Have you heard the story of the coffin thief? I bet you have, but I wonder if yours is the same version as mine. Chinese whispers effect and all that. There was, once upon a time, a conniving thief who decided to take advantage of this jinni nonsense in Mombasa. He became a thief – a coffin thief no less. He would watch funeral processions that looked like ‘money’, and plot to steal the coffin at night. At night he would dig out the grave, steal the coffin and rebury the dearly departed without a coffin. In the morning he would be so exhausted and when asked why he was always so tired during the day, he claimed that someone jinnilised him so that in his sleep he worked as a slave. However, his luck was about to run out one night: after redigging a body, stealing the coffin and reburying the dead, he heaved the heavy coffin on his head and made his way out of there.

Suddenly he heard rapid footsteps and a flash light danced behind him.
“Stop!” Someone bellowed. The coffin thief was rooted to the spot. “Oh crap!”
He turned to face the spotlight.
“Who’s there?” He asked meekly feigning an eerie voice.
“This is the police! What the hell are you doing? Put that coffin down!”
The thief had seconds to think of a reasonable explanation. He didn’t put the coffin down.
“Basically officer, I am originally from central Kenya. I died a week ago. I had implored and begged my friends to transport my body to central Kenya for burial, but they didn’t. Instead they buried me here and I cannot rest in peace, so now I’m doing it for myself and ………”
The spotlight holding cop jumped several feet in the air, fell backwards on a headstone, scrambled to his feet but not before tripping on some undergrowth, skedaddled out of there and disappeared into the night. He went straight home where he didn’t speak, eat, drink or sleep for two days.

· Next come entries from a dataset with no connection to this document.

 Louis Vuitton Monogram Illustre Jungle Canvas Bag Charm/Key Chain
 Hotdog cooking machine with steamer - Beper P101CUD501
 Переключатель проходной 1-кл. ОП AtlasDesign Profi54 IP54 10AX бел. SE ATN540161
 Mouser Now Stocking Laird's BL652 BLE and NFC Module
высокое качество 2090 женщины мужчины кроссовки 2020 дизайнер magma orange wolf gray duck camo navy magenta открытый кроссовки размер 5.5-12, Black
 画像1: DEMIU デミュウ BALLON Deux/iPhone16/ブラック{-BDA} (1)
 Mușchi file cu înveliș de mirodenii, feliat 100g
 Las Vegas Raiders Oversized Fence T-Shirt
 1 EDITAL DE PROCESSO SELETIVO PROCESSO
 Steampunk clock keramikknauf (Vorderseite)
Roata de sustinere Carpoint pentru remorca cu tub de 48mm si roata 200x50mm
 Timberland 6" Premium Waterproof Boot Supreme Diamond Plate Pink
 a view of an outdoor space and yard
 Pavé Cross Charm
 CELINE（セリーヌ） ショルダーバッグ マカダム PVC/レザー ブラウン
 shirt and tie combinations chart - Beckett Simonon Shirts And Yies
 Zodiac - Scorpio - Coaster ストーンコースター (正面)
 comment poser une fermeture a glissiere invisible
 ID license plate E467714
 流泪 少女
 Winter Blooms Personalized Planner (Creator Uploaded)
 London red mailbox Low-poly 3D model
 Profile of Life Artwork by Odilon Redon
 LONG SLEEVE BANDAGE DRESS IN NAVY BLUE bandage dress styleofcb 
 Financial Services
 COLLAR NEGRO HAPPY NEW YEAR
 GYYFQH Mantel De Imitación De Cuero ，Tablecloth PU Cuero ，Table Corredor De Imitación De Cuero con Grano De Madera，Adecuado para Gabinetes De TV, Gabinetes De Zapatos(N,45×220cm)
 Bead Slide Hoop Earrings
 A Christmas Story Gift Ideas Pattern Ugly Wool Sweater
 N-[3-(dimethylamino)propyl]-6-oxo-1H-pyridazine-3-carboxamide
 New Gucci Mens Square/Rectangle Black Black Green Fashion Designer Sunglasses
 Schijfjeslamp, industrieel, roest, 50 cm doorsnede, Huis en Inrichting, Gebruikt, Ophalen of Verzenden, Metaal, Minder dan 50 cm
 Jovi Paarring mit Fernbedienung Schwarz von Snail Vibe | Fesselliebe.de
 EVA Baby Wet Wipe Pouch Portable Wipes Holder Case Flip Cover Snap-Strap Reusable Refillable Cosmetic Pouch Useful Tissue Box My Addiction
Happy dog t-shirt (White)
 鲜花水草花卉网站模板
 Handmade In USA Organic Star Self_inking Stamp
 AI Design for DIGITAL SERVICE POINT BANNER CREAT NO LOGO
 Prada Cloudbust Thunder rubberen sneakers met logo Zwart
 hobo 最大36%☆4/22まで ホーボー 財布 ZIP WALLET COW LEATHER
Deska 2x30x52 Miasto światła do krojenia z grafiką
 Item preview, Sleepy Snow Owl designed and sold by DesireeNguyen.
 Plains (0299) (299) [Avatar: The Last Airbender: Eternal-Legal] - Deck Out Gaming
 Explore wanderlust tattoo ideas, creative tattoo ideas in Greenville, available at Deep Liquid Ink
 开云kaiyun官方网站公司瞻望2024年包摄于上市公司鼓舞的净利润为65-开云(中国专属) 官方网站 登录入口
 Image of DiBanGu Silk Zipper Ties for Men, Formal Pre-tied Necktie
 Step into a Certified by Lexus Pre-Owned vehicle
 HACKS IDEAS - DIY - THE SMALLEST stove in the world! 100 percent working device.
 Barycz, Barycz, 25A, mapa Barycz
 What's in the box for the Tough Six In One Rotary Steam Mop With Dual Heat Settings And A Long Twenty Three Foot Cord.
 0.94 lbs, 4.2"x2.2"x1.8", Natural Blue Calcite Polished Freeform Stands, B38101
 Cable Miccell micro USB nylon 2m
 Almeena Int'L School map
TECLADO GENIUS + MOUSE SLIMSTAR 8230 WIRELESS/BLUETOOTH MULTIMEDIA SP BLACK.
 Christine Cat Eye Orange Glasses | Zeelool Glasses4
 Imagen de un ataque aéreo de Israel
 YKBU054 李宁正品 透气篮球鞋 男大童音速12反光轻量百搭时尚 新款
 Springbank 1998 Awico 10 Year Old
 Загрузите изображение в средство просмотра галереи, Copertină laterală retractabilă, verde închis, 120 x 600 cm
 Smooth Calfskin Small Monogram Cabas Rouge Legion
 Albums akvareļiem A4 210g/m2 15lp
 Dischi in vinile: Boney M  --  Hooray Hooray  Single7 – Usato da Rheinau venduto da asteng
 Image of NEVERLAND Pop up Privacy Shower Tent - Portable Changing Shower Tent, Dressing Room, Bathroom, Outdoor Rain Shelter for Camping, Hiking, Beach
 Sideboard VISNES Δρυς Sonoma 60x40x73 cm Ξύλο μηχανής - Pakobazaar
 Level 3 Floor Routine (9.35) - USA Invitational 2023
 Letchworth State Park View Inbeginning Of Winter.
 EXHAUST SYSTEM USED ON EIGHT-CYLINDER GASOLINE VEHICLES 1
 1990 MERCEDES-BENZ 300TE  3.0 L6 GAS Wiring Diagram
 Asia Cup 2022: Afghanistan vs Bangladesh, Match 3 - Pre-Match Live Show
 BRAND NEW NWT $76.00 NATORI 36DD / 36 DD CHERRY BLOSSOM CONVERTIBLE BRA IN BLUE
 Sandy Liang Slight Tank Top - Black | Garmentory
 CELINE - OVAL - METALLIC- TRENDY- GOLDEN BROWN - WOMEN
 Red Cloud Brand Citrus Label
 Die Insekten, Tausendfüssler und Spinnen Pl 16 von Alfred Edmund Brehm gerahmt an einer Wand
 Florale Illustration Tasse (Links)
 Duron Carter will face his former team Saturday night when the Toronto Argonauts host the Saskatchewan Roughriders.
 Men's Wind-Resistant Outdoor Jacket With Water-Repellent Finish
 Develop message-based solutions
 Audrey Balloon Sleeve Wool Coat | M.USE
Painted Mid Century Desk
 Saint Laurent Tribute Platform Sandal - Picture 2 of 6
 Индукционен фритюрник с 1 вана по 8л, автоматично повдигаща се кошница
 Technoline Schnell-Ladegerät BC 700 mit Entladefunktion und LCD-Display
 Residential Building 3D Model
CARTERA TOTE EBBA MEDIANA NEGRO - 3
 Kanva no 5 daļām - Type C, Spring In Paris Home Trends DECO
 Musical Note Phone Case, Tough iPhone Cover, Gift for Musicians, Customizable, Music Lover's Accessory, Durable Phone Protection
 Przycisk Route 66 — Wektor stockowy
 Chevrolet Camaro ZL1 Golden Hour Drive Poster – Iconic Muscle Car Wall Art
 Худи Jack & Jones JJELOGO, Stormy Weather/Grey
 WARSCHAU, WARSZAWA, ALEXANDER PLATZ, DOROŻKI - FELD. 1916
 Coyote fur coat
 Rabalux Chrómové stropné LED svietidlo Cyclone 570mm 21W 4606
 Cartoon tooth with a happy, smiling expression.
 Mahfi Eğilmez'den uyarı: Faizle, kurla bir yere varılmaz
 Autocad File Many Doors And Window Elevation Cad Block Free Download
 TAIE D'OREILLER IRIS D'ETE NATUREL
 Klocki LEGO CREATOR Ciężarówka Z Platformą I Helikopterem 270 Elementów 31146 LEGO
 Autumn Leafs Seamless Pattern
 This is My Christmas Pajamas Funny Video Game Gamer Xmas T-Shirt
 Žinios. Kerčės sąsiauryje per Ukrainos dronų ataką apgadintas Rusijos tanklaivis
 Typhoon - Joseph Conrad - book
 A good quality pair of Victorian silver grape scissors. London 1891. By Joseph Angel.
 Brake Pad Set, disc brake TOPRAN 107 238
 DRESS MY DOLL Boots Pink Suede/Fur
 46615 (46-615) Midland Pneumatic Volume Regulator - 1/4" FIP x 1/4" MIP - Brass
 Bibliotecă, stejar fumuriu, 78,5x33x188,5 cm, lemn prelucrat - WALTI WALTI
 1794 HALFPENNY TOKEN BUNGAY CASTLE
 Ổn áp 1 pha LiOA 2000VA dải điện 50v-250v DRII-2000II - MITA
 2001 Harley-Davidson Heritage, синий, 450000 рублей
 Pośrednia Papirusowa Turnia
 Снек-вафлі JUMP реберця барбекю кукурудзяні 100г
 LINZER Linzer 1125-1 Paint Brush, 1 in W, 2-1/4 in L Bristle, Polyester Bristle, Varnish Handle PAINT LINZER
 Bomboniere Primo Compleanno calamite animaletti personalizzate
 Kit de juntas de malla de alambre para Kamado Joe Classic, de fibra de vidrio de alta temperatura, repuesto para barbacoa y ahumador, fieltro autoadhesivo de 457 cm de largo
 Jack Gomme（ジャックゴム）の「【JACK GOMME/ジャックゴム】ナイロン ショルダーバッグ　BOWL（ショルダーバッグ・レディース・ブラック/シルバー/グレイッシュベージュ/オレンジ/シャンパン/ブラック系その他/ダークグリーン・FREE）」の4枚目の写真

The thing though about these stories is that no one can know for sure what is true and what is fabricated. For example, there are two sides to the coffin story – the one the coffin thief told people and the one the cop told. Or it was completely made up. What I know for sure is that if there was indeed a coffin thief, he took full advantage of the sinister ‘things-you-hear-down-coast’ chronicles to avoid arrest and humiliation. He knew if he pretended to be ‘a walking dead’ person, the cop would flee the scene crapping his pants because it was highly likely.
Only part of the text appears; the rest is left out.